Demokrasi ile çözmek iddiası gibi, ölçüyü ‘laiklik/sekülerlik’ anlayışı çerçevesinde halletmeye çalışmanın da sınırları olduğu görüldü. Son olarak, ‘Avrupa’nın belirleyici kültürü Hıristiyanlıktır’ diyenlere karşı, ‘din ile siyaseti sonuna kadar ayırmalıyız, dini sembollerin kamu alanında işi yok’ diyenlere, Berlusconi, sekiz Avrupa ülkesinin bayrağında ‘haç’ olduğunu hatırlattı.

“Batı Batıdır, Doğu’da Doğu, bu gerçek değişmez, herkes kendi evine!” demiyorum. Bunu demek yeni bir ortaçağ’ın kapısını açmak olur. Sadece, ‘Batı medeniyeti’, ‘demokrasi’, laiklik’ dediğimiz kavramların sihirli formüller değil, hayata geçmesi için çok zorlu sınavların gerektiğini hatırlamak, bugünün koşulları içinde bu kavramları derinlemesine yeniden tartmak, düşünmek zorundayız diyorum.

Diğer taraftan, gerçekten de, demokrasilerde, ikidebir referanduma gitmek yol değildir. Dahası, bu yol nihayetinde, temsili ve ilkesel demokrasi anlayışını ‘çoğunluk raconu’na feda etmektir. Ancak, referandumları, ‘kamuoyu yoklaması’ olarak dikkate alabiliriz. Nitekim, AB’nin siyasal yapılanmasında da, ne zaman referanduma gidilse, karşı dalgaların yükselişi ortaya çıktığı için, kritik konularda referandum yoluna gidilmemesi tedbiri gözetiliyor.

Ama diğer yandan, her ülkede siyasi partiler, doğal olarak kamuoyu eğilimlerini dikkate alma ihtiyacıyla hareket ediyor. Avrupa politika sahnesi, giderek sağ ve ulusal siyasetlere kayıyor. Özellikle, iç kamuoyuna yönelik ulusal siyasetlerin öne çıkması, son Avrupa Birliği Başkanlığı seçiminde, uzun boylu tartışma yarattı. Bu açıdan, İsviçre’de olanları, İsviçre’nin AB dışında bir ülke olması ile açıklayıp, savuşturmak da mümkün değil.

Özetle, bir insanlık deneyimi olarak, Batı Avrupa demokrasi standardını önemsemek ve dolayısıyla bu standartı zorlayan gelişmeleri yadırgamak durumundayız.
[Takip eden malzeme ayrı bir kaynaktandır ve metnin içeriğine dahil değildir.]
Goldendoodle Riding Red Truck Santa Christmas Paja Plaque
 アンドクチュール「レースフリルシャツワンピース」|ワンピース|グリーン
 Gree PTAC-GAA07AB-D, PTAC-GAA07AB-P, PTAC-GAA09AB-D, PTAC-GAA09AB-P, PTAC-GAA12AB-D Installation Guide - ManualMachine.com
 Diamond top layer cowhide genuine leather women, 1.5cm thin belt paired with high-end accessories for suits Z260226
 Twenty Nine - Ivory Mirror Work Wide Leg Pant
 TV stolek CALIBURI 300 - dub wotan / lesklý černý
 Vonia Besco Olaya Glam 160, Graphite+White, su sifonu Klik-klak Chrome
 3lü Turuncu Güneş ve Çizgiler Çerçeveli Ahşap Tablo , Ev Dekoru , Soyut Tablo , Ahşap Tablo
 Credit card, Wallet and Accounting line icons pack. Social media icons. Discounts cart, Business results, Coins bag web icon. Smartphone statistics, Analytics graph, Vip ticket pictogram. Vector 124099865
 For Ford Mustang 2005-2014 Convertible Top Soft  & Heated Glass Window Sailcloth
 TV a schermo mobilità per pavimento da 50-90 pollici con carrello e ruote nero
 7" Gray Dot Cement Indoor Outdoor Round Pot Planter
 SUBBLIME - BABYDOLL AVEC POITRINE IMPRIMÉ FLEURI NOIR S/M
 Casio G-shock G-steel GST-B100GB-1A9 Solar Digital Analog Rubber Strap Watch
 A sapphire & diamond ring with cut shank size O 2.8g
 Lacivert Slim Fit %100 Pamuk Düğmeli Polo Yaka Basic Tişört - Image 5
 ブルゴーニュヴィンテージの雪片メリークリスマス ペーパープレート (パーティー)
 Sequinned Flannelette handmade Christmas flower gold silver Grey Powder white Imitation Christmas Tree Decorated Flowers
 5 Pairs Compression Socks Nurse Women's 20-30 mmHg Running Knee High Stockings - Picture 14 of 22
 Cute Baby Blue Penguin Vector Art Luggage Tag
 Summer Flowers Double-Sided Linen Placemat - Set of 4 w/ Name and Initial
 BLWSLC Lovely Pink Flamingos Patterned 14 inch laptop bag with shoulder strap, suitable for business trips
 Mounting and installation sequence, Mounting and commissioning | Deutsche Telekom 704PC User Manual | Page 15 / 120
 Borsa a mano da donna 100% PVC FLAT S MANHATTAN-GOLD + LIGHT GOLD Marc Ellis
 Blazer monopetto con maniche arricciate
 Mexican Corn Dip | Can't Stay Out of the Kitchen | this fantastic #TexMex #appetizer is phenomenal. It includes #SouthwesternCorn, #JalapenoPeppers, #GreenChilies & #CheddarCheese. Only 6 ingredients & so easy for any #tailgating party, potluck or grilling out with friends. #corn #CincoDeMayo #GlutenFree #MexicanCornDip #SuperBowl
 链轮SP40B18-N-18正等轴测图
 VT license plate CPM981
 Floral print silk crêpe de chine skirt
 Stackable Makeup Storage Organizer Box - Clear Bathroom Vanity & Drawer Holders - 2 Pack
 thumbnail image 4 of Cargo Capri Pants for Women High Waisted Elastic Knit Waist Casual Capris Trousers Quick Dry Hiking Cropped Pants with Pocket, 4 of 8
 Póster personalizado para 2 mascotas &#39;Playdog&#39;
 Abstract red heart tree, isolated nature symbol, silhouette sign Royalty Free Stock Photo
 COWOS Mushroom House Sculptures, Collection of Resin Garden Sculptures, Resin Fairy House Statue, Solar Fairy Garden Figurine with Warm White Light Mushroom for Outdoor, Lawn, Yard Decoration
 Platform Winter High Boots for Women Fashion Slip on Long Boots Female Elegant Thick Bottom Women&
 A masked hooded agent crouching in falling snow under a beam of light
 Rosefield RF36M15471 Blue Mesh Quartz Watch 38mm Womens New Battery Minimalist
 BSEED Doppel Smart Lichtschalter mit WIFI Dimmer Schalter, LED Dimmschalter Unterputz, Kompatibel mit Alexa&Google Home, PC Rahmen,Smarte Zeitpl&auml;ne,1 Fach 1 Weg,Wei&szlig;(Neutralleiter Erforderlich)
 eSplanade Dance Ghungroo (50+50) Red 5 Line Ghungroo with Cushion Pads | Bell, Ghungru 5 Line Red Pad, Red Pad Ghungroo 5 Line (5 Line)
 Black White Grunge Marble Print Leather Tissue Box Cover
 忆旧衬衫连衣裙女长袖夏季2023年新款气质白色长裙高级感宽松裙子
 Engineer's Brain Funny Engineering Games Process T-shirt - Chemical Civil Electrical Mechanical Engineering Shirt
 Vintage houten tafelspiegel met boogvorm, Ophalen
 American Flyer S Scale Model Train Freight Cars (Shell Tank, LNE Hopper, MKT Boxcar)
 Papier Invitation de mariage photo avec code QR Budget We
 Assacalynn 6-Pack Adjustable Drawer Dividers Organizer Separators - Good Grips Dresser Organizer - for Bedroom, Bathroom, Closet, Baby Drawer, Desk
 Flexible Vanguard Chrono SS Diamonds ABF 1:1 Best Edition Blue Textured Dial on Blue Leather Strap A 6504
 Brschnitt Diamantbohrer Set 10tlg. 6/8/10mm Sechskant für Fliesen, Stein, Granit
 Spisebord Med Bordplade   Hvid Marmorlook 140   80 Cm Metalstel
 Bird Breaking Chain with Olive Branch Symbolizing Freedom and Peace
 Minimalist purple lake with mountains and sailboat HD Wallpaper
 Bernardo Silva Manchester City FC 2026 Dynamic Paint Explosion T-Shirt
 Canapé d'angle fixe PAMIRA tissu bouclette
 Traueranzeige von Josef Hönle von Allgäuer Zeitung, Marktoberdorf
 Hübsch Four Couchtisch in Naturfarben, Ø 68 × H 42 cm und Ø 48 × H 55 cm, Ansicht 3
O nedenle, İsviçre referandumunu enine boyuna sorun etmek gerekiyor.

Ancak, bunu, ‘demokrasi’, ‘uygarlık’, ‘insanlık’ meselelerine dair, bugün mevcut olan Avrupa demokrasi pratiğinin ötesinde, onun sorunlu yanlarını aşan, bir siyaset ufku çerçevesinde yaparsak, Avrupa dışından gelen tepkinin, orada da işe yarayacağını düşünüyorum.

Ve nihayet, her zaman ifrat-tefrit salınımından korkarım. Avrupa medeniyetini, demokrasi standardını ‘sorunsuz bir model’, ‘sihirli bir formül’ olarak gören ‘Batı’ veya ‘Avrupa tapınmacılı’ğını her zaman sorunlu buldum, karşı çıktım. Ancak, ‘Avrupa’nın karanlık yüzü’ kendini her gösterdiğinde, hızla diğer uca savrulup, ‘Batı dedikleri işte bu Haçlı medeniyeti’ noktasına yaklaşılması ihtimali beni tedirgin ediyor. 

Dokuzuncu senfoni ile çağdaşlık kutsamasından bezip, cidden kaygı verici bir ayrımcılık  örneği üzerinden de olsa, ‘İsviçre’de dört minare, öte git Batı, öte git!’ türküsü yakmayalım.